Também para Geovana Soares, da AmoSerTrans, os órgãos públicos não estão devidamente preparados para atender os casais homoafetivos formados por homens e as mulheres travestis e transexuais. “Existe uma necessidade de fortalecimento de uma rede que ainda é falha até mesmo para mulheres cisgêneras. A gente precisa, enquanto movimento social, sociedade civil organizada e legisladores fiscalizar o cumprimento da decisão do STF e exigir que os equipamentos se preparem para essa demanda que vai começar a chegar. Óbvio que a gente vai encontrar bastante resistência por conta da lgbtfobia estrutural, mas precisamos seguir avançando”, defende.

SSP/SE afirma que delegacias estão orientadas a cumprir decisão do STF
Por meio de nota enviada para a Mangue Jornalismo, a Secretaria de Segurança Pública de Sergipe (SSP/SE) informou que “tem compromisso inabalável com a proteção de todas as vítimas de violência doméstica e familiar, em total conformidade com a recente decisão do STF. As forças de segurança já seguem protocolos específicos, especialmente por meio do Departamento de Atendimento a Grupos Vulneráveis (DAGV) e das Delegacias Especializadas, garantindo um atendimento humanizado e qualificado às vítimas. A decisão do STF reforça a importância contínua da capacitação das equipes e do aprimoramento dos protocolos para um acolhimento ainda mais eficiente”.
Segundo a SSP/SE, “as delegacias estão orientadas a registrar e apurar com rigor as ocorrências envolvendo casais homoafetivos formado por homens, mulheres travestis e transexuais, assegurando a proteção prevista na Lei Maria da Penha. Entendendo a necessidade de treinamento contínuo e de protocolos específicos para acolher esse público em diversas situações de violência, a SSP investe na qualificação de suas equipes para garantir um atendimento cada vez mais inclusivo e eficaz”.
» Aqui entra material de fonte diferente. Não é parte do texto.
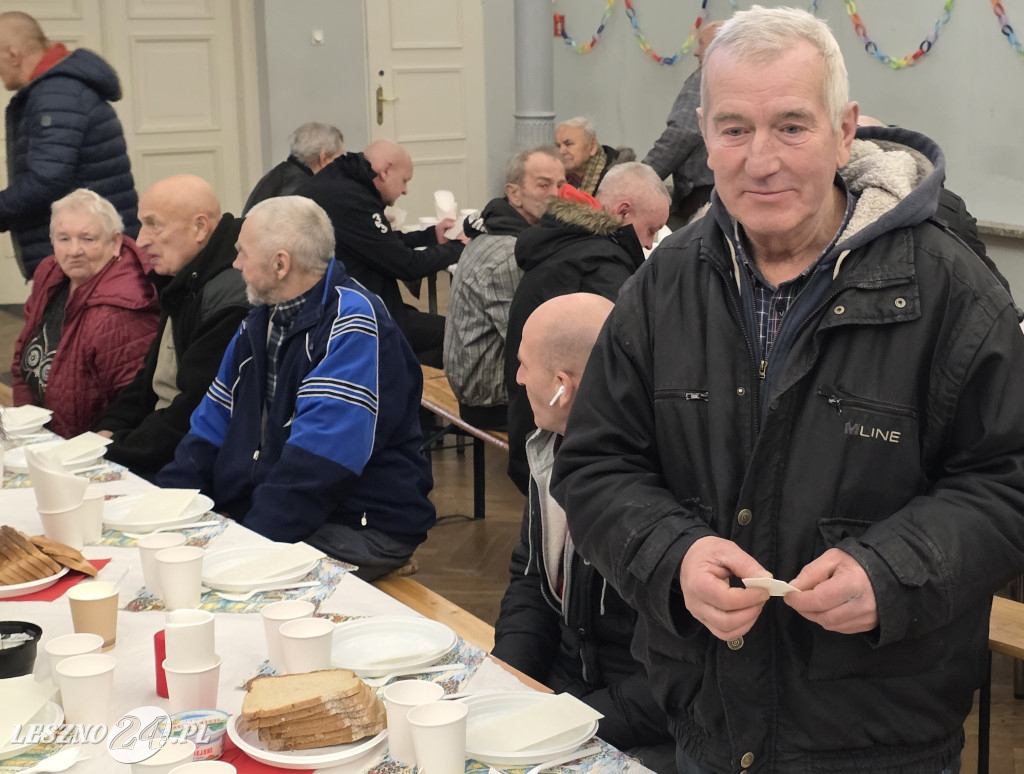 Wigilia dla samotnych i bezdomnych w Lesznie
Ainda segundo a secretaria, “a Polícia Militar também deve ser acionada em casos de urgência e emergência, garantindo resposta rápida e proteção imediata às vítimas. Além disso, os serviços da perícia oficial estão à disposição para a devida comprovação da violência praticada, reforçando a base probatória necessária para as providências legais cabíveis. A SSP segue empenhada em assegurar que todas as vítimas de violência doméstica e familiar tenham acesso às medidas protetivas e demais instrumentos legais necessários para sua segurança e dignidade”, conclui a nota.